**Instructions for the task**.
For this exercise, the lines from the one with "Caica parrot" through the final line of the data below are to be transcribed exactly, and pictures are to be skipped.

[Opening Data records section]

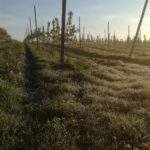 10.05.2017 Sandomierz. Duże szkody wyrządziły kolejne przymrozki w sandomierskich sadach / Grażyna Szlęzak - Wójcik / Radio Kielce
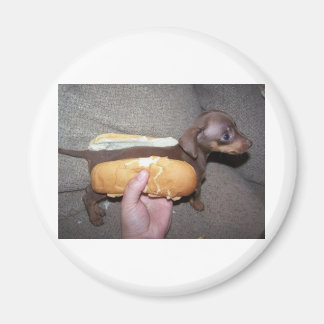 Imã Cachorro num bastão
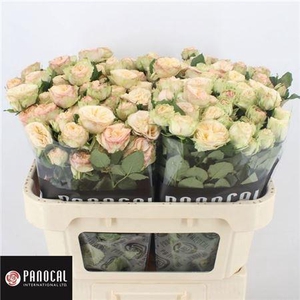 R Tr Gen Trendsetter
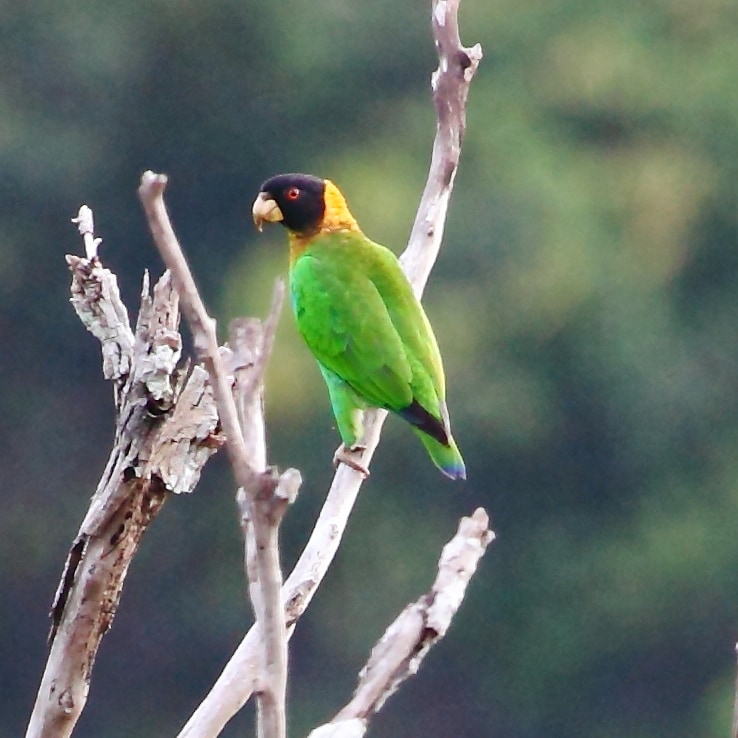 Caica parrot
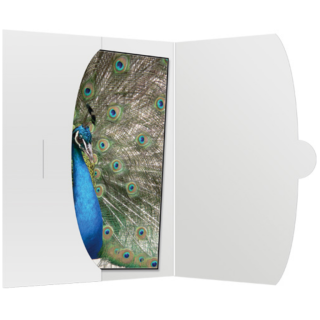 Image cVJiCQlEKRGFnZJm1DfsFBr3Dhlr-4yRUxnHndVIPvU=.png Image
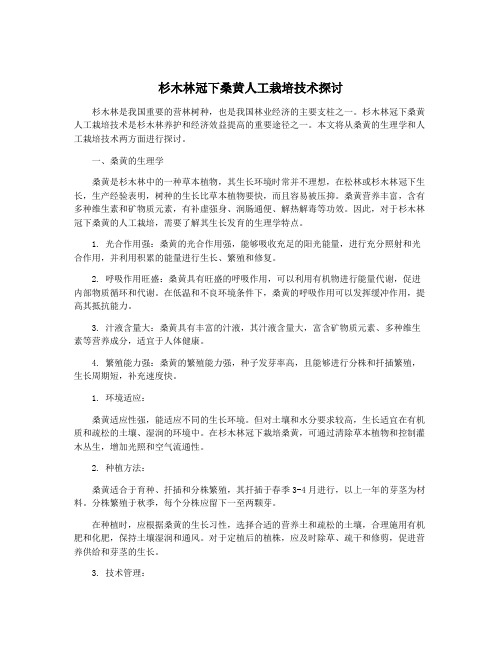 杉木林冠下桑黄人工栽培技术探讨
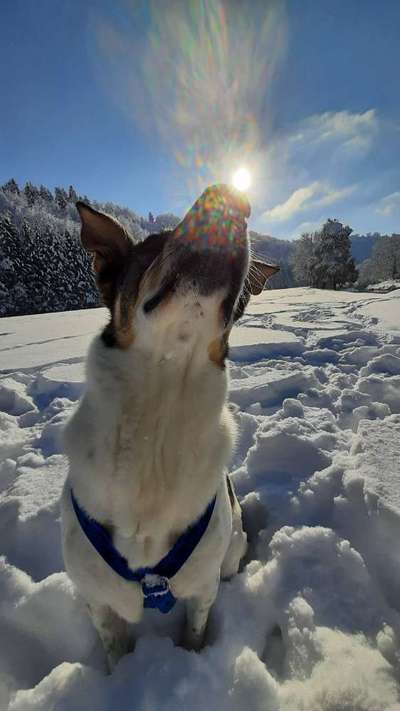 Fotochallenge 61 ~ Schnee-Beitrag-Bild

[Closing Data records section]

**Exercise result**.
 Caica parrot
 Image cVJiCQlEKRGFnZJm1DfsFBr3Dhlr-4yRUxnHndVIPvU=.png Image
 杉木林冠下桑黄人工栽培技术探讨
 Fotochallenge 61 ~ Schnee-Beitrag-Bild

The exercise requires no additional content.